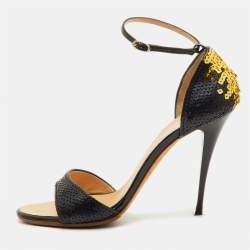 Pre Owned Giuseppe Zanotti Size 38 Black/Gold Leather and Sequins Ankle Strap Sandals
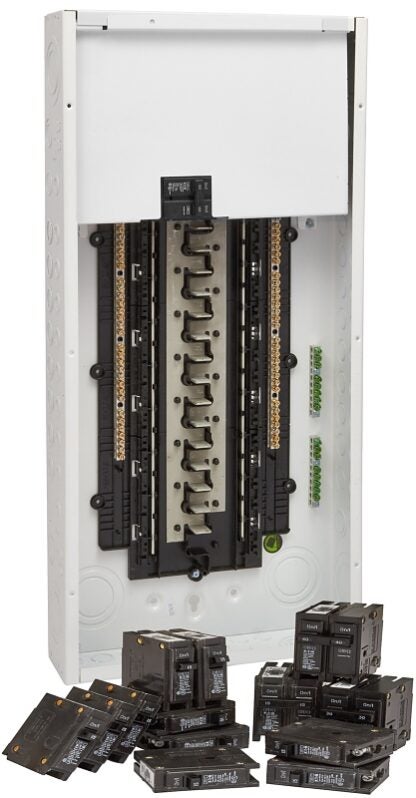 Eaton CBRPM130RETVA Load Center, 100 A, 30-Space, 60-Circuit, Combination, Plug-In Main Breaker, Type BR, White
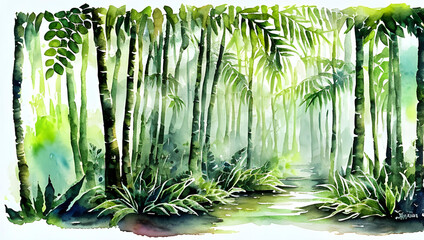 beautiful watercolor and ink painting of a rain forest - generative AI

...

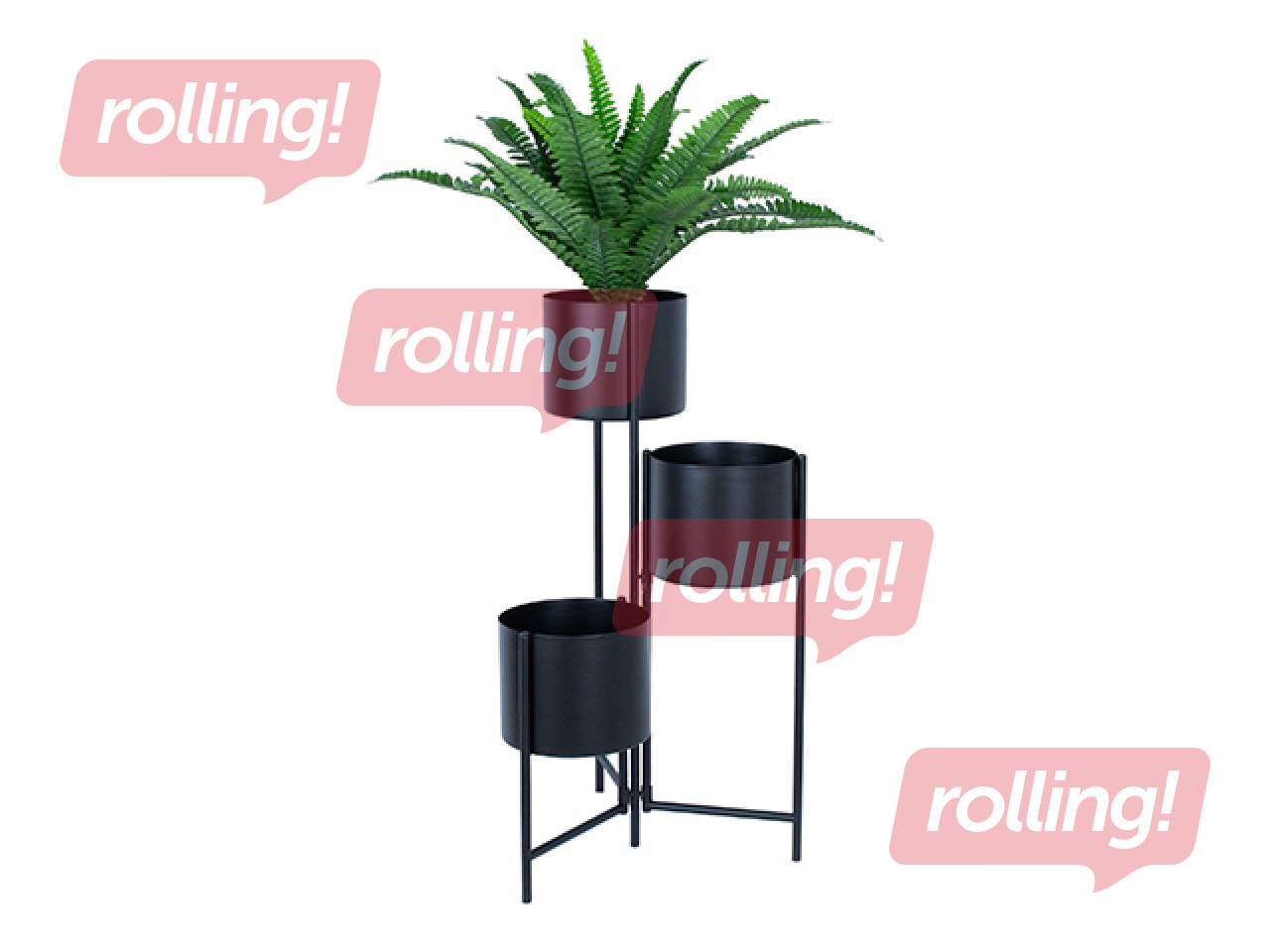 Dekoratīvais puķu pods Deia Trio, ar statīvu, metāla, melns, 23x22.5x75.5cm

* _Aim of the exercise_: With the pictures omitted, print the lines above exactly, beginning at the line with "Eaton CBRPM130RETVA Load" and going on through the line with "beautiful watercolor and".

* _Result of this exercise_:
 Eaton CBRPM130RETVA Load Center, 100 A, 30-Space, 60-Circuit, Combination, Plug-In Main Breaker, Type BR, White
 beautiful watercolor and ink painting of a rain forest - generative AI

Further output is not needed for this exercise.